Jacques Legendre, né le 2 décembre 1941 dans le 15e arrondissement de Paris, est un homme politique français.

Gaulliste militant dès l'âge de 20 ans, il est actuellement membre de l'Union pour un mouvement populaire, dont il est secrétaire national et président de la Fédération du Nord.

Il a été élu député du Nord sous l'étiquette UDR en 1973, puis réélu avec l'étiquette RPR en 1978 (démission pour entrer au gouvernement) et 1986.

Secrétaire d'État auprès du ministre du Travail dans le gouvernement Raymond Barre II du 29 mars 1977 au 31 mars 1978, puis secrétaire d'État auprès du ministre du Travail et de la participation du 2 avril 1978 au 2 octobre 1980, et enfin secrétaire d'État chargé de la Formation professionnelle auprès du Premier ministre du 2 octobre 1980 au 13 mai 1981 dans le gouvernement Raymond Barre III.

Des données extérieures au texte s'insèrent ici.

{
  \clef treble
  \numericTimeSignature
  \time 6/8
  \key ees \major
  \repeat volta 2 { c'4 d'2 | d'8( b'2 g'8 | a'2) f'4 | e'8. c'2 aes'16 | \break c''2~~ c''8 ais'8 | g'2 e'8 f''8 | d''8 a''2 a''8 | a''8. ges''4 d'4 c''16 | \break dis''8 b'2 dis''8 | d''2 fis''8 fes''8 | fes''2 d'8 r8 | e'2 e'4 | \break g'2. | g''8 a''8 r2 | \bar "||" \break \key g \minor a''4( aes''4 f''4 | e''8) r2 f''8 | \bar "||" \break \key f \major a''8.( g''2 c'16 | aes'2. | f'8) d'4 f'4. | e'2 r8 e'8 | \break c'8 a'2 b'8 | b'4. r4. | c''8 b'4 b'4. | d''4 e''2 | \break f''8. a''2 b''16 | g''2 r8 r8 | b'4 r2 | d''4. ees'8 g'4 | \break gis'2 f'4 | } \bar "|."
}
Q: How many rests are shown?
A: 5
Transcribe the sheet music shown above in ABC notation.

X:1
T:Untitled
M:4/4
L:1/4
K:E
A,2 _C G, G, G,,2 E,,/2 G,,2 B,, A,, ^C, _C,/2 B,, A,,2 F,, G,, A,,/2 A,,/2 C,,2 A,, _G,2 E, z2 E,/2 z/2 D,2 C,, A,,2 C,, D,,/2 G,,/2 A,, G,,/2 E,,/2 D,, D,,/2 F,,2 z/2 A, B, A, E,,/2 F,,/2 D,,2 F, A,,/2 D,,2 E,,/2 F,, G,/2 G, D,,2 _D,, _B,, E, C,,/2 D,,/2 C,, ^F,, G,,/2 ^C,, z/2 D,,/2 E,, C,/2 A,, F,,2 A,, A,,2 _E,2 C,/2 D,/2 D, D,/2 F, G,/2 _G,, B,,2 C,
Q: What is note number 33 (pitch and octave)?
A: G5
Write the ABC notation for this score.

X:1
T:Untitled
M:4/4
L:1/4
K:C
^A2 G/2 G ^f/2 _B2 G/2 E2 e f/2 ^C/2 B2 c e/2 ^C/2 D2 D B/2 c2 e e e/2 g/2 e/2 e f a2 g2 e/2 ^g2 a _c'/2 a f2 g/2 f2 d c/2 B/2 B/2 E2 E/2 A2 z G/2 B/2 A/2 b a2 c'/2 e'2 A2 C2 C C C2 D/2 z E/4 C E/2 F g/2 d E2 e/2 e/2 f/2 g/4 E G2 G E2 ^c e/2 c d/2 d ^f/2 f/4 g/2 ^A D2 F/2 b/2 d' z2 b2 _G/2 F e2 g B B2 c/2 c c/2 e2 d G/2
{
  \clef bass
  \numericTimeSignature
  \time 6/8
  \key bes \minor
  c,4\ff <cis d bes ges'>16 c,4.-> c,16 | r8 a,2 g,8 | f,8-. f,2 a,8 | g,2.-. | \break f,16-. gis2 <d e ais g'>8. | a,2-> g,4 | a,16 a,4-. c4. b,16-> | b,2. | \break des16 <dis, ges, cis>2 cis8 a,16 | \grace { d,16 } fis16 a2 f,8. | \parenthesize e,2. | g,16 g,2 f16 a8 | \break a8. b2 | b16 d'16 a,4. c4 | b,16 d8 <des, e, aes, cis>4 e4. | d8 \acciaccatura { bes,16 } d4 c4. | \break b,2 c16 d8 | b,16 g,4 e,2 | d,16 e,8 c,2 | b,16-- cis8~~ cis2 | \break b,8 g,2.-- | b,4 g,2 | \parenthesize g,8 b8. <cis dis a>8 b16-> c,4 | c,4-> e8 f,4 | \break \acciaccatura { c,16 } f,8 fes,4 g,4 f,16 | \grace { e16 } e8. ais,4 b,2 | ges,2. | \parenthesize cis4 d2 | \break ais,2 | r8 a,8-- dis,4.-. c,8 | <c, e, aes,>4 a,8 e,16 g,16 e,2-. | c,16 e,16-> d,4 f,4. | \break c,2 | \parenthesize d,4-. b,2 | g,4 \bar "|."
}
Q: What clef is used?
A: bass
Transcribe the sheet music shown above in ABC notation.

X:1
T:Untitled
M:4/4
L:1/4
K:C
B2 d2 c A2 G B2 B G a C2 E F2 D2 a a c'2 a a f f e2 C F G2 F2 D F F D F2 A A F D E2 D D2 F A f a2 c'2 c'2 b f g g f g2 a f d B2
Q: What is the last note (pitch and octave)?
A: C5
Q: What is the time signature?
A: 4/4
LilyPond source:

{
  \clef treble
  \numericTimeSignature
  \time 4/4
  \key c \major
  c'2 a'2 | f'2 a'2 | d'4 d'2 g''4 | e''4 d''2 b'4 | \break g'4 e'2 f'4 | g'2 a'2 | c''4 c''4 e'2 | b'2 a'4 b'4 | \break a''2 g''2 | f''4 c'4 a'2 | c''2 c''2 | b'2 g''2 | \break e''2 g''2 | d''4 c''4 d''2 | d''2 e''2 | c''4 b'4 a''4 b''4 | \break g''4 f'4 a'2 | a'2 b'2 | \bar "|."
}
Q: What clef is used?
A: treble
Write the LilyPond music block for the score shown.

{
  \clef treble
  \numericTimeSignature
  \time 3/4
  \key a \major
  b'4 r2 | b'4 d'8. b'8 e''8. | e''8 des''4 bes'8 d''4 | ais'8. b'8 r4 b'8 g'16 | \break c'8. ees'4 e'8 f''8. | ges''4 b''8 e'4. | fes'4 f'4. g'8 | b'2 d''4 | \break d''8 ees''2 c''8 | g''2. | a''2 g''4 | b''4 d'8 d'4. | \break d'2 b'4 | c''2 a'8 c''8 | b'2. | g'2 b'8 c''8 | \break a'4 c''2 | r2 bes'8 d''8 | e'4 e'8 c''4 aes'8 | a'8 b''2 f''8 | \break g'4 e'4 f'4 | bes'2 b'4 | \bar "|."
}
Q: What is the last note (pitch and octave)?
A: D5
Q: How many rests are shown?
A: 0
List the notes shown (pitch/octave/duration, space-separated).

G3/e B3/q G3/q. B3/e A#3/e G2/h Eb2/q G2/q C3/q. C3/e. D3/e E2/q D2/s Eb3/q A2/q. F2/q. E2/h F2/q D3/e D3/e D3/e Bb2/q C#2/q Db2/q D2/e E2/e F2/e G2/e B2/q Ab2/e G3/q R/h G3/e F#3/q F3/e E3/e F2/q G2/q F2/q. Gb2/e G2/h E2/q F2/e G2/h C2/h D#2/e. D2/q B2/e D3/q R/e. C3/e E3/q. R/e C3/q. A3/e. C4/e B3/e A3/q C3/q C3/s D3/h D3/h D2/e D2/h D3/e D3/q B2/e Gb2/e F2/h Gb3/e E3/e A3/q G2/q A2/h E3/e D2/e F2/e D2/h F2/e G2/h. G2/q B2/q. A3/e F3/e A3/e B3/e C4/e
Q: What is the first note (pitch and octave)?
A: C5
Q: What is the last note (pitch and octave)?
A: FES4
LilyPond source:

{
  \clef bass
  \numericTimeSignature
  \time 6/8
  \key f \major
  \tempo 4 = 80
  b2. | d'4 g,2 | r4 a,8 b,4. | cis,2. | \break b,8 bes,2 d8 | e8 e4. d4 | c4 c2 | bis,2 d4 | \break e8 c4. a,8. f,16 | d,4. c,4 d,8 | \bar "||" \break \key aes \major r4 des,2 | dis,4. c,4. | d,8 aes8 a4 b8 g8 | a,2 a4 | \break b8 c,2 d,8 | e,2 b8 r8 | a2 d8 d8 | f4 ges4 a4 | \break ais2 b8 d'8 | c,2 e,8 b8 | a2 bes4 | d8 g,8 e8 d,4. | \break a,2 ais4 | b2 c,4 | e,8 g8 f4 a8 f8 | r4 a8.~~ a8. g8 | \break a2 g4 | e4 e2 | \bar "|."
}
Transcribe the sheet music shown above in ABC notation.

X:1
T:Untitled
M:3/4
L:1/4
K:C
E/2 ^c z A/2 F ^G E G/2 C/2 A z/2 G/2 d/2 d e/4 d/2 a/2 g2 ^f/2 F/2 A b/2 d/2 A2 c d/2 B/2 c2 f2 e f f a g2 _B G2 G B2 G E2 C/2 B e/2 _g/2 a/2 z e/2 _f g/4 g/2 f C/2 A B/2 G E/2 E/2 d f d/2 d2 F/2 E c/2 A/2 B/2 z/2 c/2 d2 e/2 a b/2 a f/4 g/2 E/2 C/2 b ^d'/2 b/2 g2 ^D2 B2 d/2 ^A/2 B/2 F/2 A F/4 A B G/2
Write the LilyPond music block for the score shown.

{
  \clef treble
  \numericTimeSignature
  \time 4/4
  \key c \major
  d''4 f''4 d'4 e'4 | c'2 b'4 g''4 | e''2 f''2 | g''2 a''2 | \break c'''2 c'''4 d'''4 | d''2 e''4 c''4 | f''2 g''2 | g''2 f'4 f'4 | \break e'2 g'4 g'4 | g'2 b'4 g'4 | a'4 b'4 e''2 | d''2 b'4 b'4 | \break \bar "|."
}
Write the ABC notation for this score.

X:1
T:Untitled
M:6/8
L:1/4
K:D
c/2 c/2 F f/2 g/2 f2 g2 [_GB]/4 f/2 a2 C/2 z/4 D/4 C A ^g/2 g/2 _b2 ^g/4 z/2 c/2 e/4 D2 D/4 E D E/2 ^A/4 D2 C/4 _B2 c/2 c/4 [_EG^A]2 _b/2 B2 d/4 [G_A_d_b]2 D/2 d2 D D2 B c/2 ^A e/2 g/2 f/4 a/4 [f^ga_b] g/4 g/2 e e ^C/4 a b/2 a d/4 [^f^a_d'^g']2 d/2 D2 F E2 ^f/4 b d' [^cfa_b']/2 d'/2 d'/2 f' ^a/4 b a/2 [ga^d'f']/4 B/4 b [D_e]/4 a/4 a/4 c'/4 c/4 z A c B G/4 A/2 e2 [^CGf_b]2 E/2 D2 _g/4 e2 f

Il a été élu sénateur du Nord le 27 septembre 1992, et réélu le 23 septembre 2001. Membre du groupe UMP, dont il a été vice-président, il a été élu président de la commission de la Culture, de l'Éducation et de la Communication du Sénat, en charge aussi de la Recherche, de la Jeunesse, des Sports, de la Vie associative et de la Francophonie, le 8 octobre 2008[1].

Il est président du groupe d'amitié sénatorial France Afrique de l'Ouest depuis 1995 et président délégué du groupe d'amitié France Pays baltes pour la Lettonie depuis 2008.

Élu secrétaire général de l'APF en 1995 et 9 fois réélu, il contribue activement au développement de la branche parlementaire de la Francophonie.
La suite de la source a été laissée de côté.